I'd like an update on sales and regarding traffic and same-store sales, if things have been improved -- have been improving. And if you could also talk about the competitive environment, is part of this acceleration of the sales -- the comparison was very hard, but the whole field adjusted the prices to cover the beef costs. But could you give us some benchmark just for us to understand, are we in a different level and then the customer has to adjust its recurrence or if it's a new scenario. And with that new price, we have less traffic and we have to find new channels to sales? And how do you see that? And what's the competitive environment now?
Okay. Thank you, Julia. Good question. I covered in my last answer to Thiago. Let me summarize that. The biggest responsible for the decrease in same-store sales in BURGER KING was the comparable basis. It's not that we had that big change in pricing strategy and the average sale took us to that level. No. On the contrary, we've been adjusting the new architecture since the last quarter of last year, starting from October and every quarter, we've been doing some movements. In June, we had a negative performance compared to last year.
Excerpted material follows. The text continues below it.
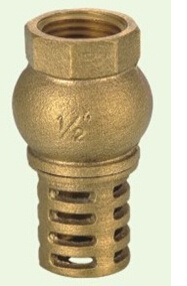 Brass Foot Valve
But in July, we recovered, and we believe that BURGER KING should have a very -- a performance very close to inflation, what we delivered on the first quarter.
And when we take our average sales to the end of the year with the leverages we have last year, of course, we have a lot to do yet. And we've Pedro talked about some non-commercial levers like the quality of our experience, the speed and the quality of the service, the freestanding performance on drive-thru. We have a lot to do. And our expectation here is that a big part of what we had to do, especially when we look at the commodity cycles, maybe we're expecting some stabilization. And we did everything we had to do, all the main levers were recovered.
So I think we have 6 months should be a little more subtle than what we saw in the last 12 months for beef and talking about benchmarks for the market regarding pricing, I think it's very hard to say. 30% increase in beef costs [indiscernible] had a big mix in our costs and all the other companies have been adjusting their menus and adjusting the prices. We did it. The evolution of the gross margin in the U.K. was very subtle, they have been worse, but we adjust the price. So I think that's it.
[Operator Instructions]
The Q&A session has now concluded. I'd like to give the floor back to Mr. Pedro Zemel for the final considerations of the company.
Thank you, everyone, for attending this earnings conference call. Thanks for the questions. And let's move on. I'll see you again in the next quarter. Thank you.
Zamp's earnings conference call for the second quarter of 2025 has now concluded. The Investor Relations department is available to address any further questions or concerns. Thank you very much to all participants, and have a very good afternoon.
[Statements in English on this transcript were spoken by an interpreter present on the live call.]